• Exercise instructions:
Below are some records; quote exactly the lines from the one that contains "Premium chauffeur services" through the one that contains "Насадка для душа", inclusive, and no others.

• Data in this exercise:

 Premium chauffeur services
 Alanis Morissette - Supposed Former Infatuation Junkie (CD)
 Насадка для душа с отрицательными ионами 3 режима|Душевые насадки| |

---

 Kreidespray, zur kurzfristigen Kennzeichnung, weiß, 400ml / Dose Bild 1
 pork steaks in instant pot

• Expected answer:
 Premium chauffeur services
 Alanis Morissette - Supposed Former Infatuation Junkie (CD)
 Насадка для душа с отрицательными ионами 3 режима|Душевые насадки| |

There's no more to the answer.